PS. I wonder how many in the European Union Parliament have asked what would be my first question if I had been elected a first time EU parliamentarian?


May 26, 2019

What if Robert Smith had asked the college and its professors for some assistance in paying off the student debts?

Sir, I refer Andrew Edgecliffe-Johnson story on billionaire Robert Smith announcing during a graduation ceremony that he would pay off the for many students enormous debt. “Philanthropist with a gift for surprise” May 25

Indeed, it was a great initiative, at least for the fortunate students but, to evaluate its full significance, you would have to know what assets Smith had to sell, or what services he could not buy, in order to pay off those debts.

But, that said, had Robert Smith said he’d pay off 85% of all graduating Morehouse College’s students’ debts, if only their professors and that college, those who got all the money from that student debt, paid off the other 15%, that could really have been a game changer. 


May 25, 2019

The risk weighted bank capital requirements, is just a lean and mean “regression to the mean” machine.

Sir, Tim Harford when discussing luck and reversal of fortunes, holds that genius followed by mediocrity [is] likely a “regression to the mean”, or in simple terms, a return to business as usual. “It can be hard to discern luck from judgment” May 25.

Indeed, but sometimes that reversal to the mean, has nothing to do with such mystical issues as luck, but is a direct consequence of a distortion. 

As I have often written to FT about, allowing banks regulatory privileges when financing what’s perceived as safe, like sovereigns or houses, will result in too much financing of the safe, which will cause “the safe”, sooner or later to revert to become very risky.

In the same vein, those who without correcting for a crisis are now considered triumphant, like ECB’s Mario Draghi, only because they’ve managed to kick a crisis-can forward, will one day be held much accountable, when that crisis can rolls back on some, as it sure must.


May 23, 2019

Entrepreneurs should, as an absolute minimum, have the same chance for entrepreneurship than the State.

Sir, with much lower capital requirements for banks when lending to the sovereign than when lending to citizens, regulators de facto indicate they believe bureaucrats know better what to do with credit they are not personally responsible for, than entrepreneurs.
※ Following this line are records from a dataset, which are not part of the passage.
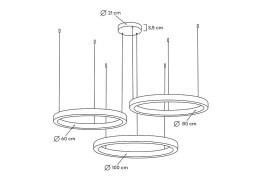 King Home Lampa wisząca RING 60 + 80 + 100 złota na jednej podsufitce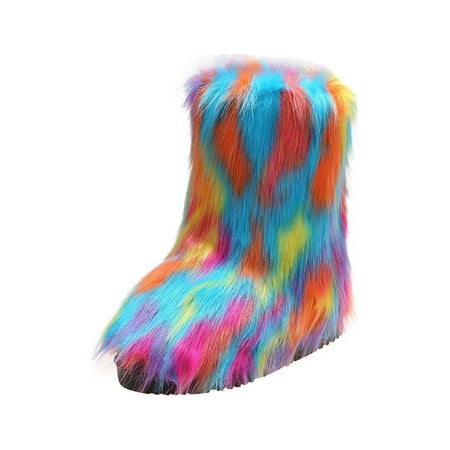 Ferndule Ladies Fuzzy Mid-Calf Boot Casual Anti-slip Color Block Plush Lining Warm Boots Round Toe Booties Color 8.5
Ferndule Ladies Fuzzy Mid-Calf Boot Casual Anti-slip Color Block Plush Lining Warm Boots Round Toe Booties Color 8.5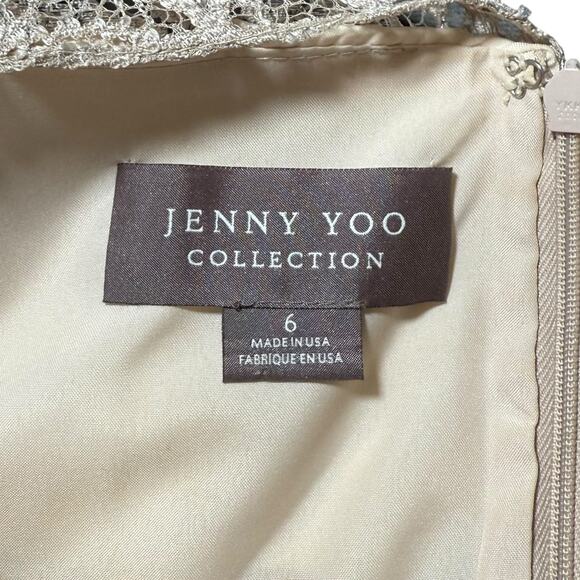 Jenny Yoo Harlow BHLDN Metallic Lace Above Knee Cocktail Dress Sandstone Size 6 - Picture 3 of 11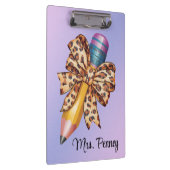 Gepersonaliseerde luipaardprint coquette boog en p klembord (Rechts)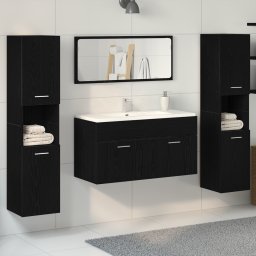 vidaXL Badkamermeubelset 4 st Zwart Eiken 90 x 38,5 x 46 cm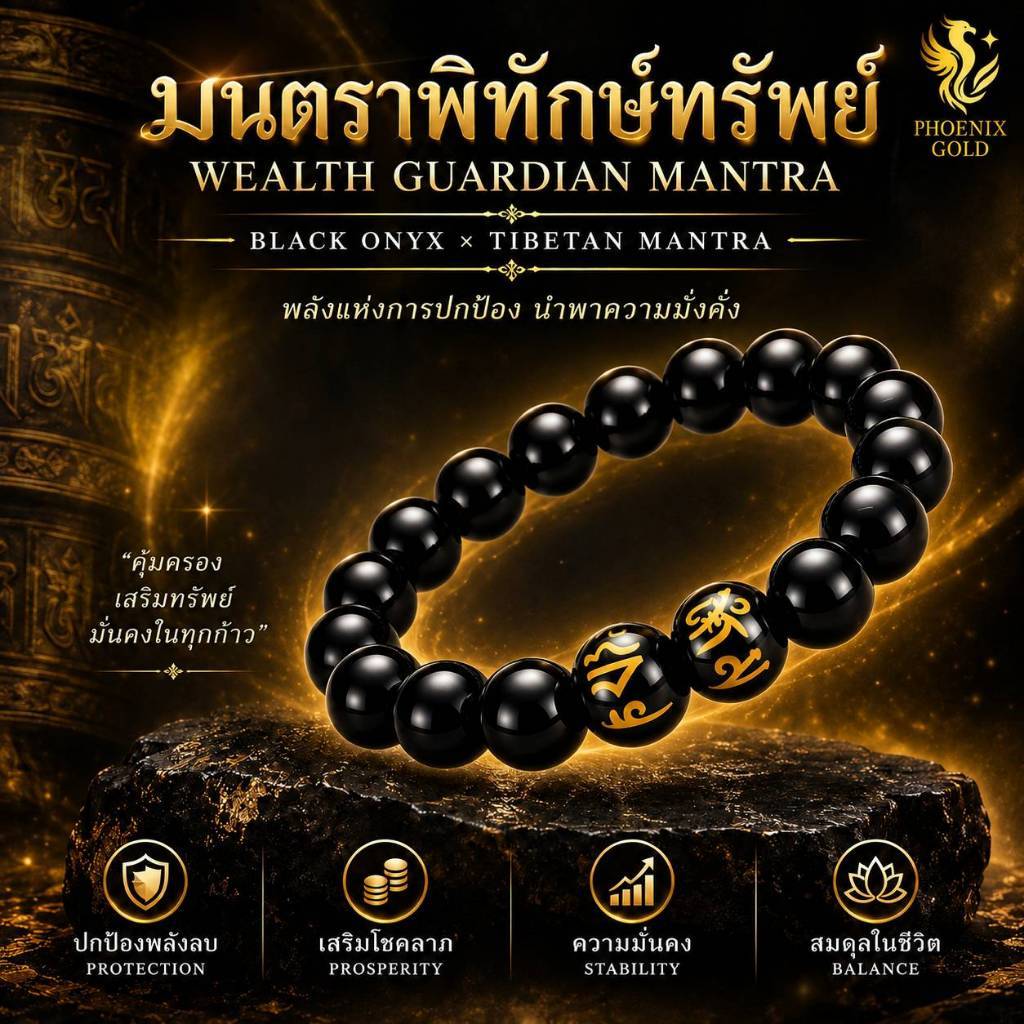 สร้อยข้อมือหินมงคล กำไลหินแท้ พรีเมียม ชายหญิง นิลดำ นิลดำทิเบต เสริมพลังอำนาจ บารมี คุ้มครองพลังลบ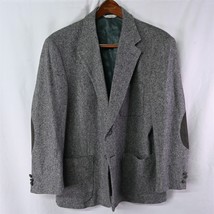 Vtg 90s Stafford 44S Gray Fleck Tweed Elbow Patch Blazer Suit Jacket Sport Coat - $82.49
And with that they are subsidizing sovereign borrowing paid by less access to bank credit for the private sector.

That is why I strongly oppose when Mariana Mazzucato opines: “The UK doesn’t lack strong economic foundations; it lacks investment opportunities… the entire government, particularly the Treasury… rather than obsessing about the fiscal deficit has to put innovation at the centre of how it thinks about economic growth [and] set bold and strategic goals.” “British industry needs its own version of the moon shot”, May 23.
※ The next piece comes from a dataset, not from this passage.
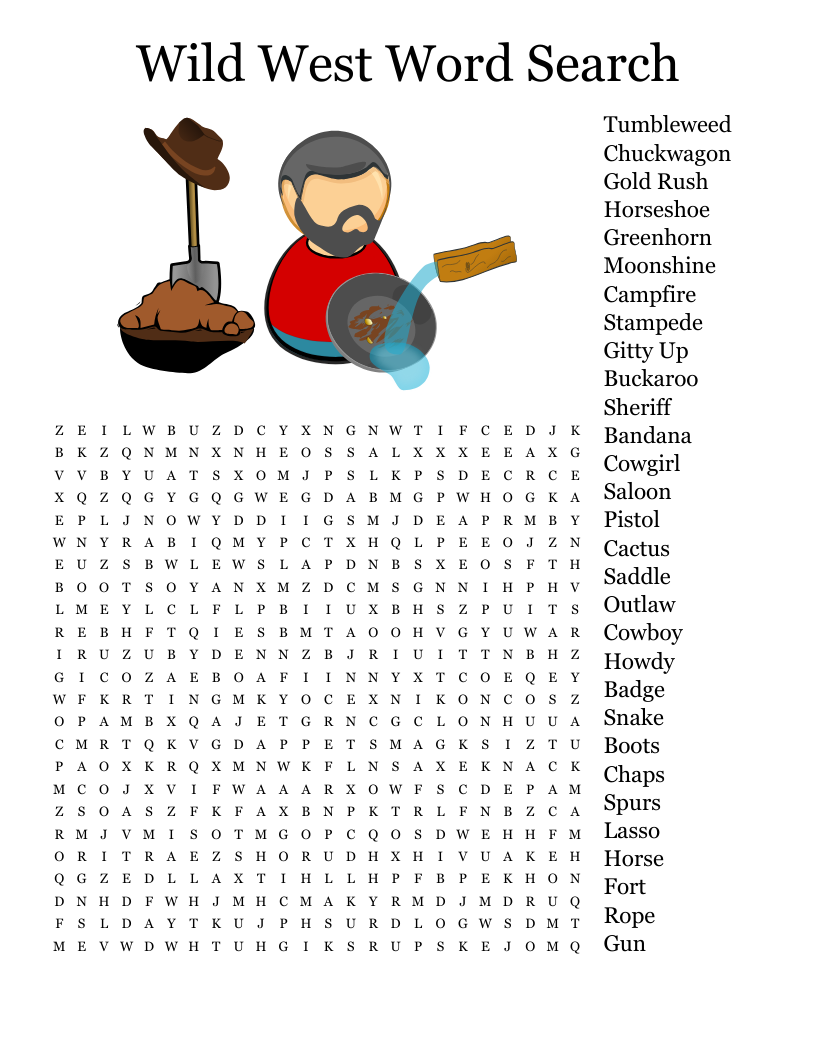 Wild West Word Search WordMint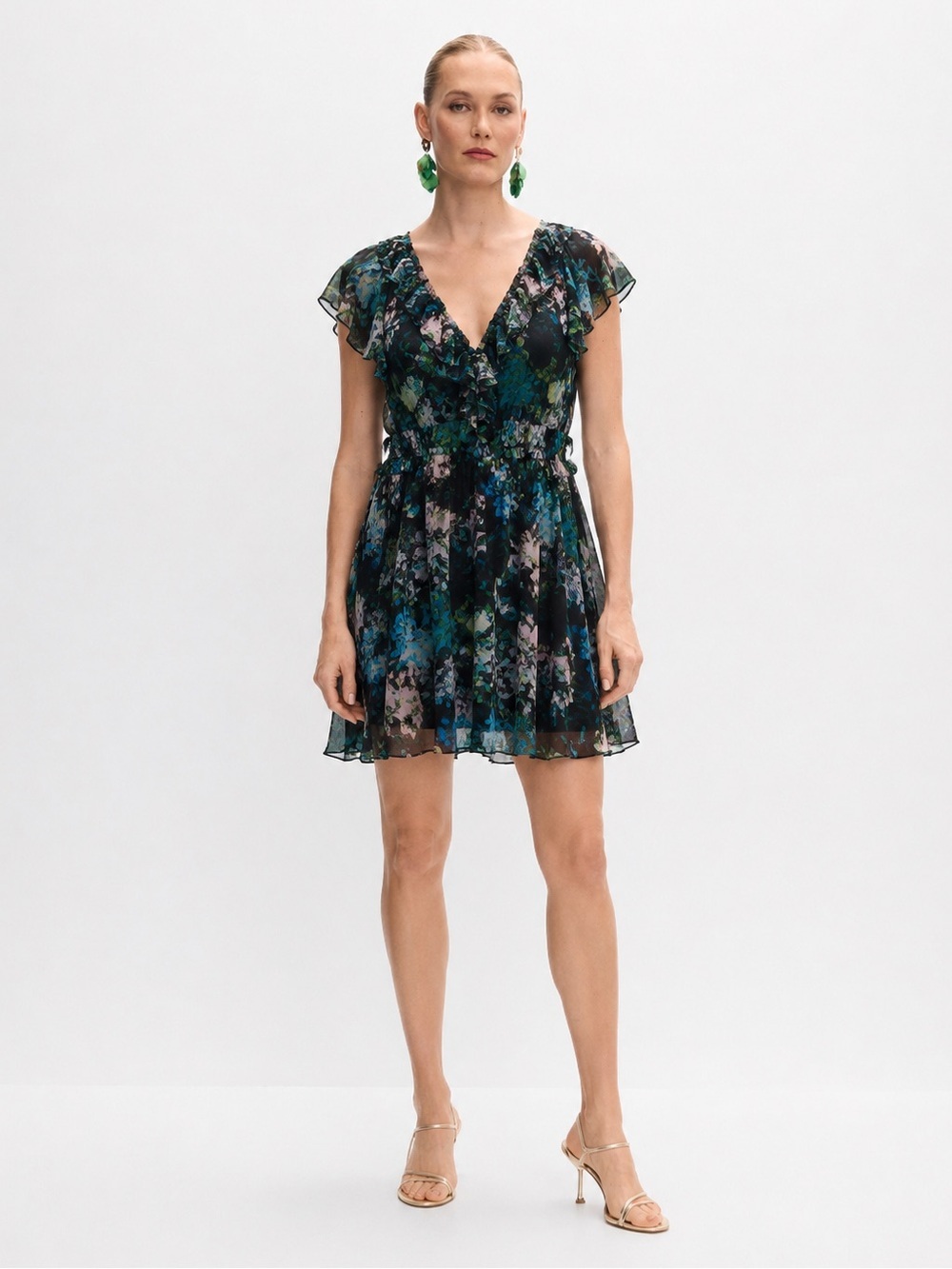 Melanie Lyne Chiffon Ruffle V-Neck Flutter Sleeve green floral Mini Dress sz XL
Sir, way before the government takes on moon shot project, something which I absolutely do not oppose, we must clear away the regulatory distortion which impedes the market sending the correct signals on the costs of public debt, and gives entrepreneurs, as a minimum, an equal chance to have their risk adjusted interest payment offers accepted by banks, so that they too can do their own moon shots.


May 22, 2019

Why are tariffs on trade with others, worse than tariffs on access to bank credit for your own?

Sir, I refer to Martin Wolf’s spirited defense of free trade and not less spirited attack on Donald Trump for having turned the US into “a rogue superpower, hostile, among many other things, to the fundamental norms of a trading system based on multilateral agreement and binding rules.” “The US-China clash challenges the world” May 22.

Do I disagree? Not really, except noting that at least Trump follows the instinct to protect his own.

But where was/is Martin Wolf when bank regulators, for instance, with Basel II, require banks to hold 8% in capital when lending to their own unrated entrepreneurs, but allow his banks to lend to any other sovereign AAA to AA rated against no capital at all, or to any other foreign AAA to AA rated entrepreneur against only 1.6% in capital?

Sir, anyone who argues those differences in capital requirements are not de facto tariffs on the access to bank credit, have no idea of what they are talking about.

Truth is that since trade is about today, but credit is about tomorrow, I truly believe the Basel Committee and their affiliate regulators are, with their tariffs on the access to bank credit, doing much more damage than a Donald Trump.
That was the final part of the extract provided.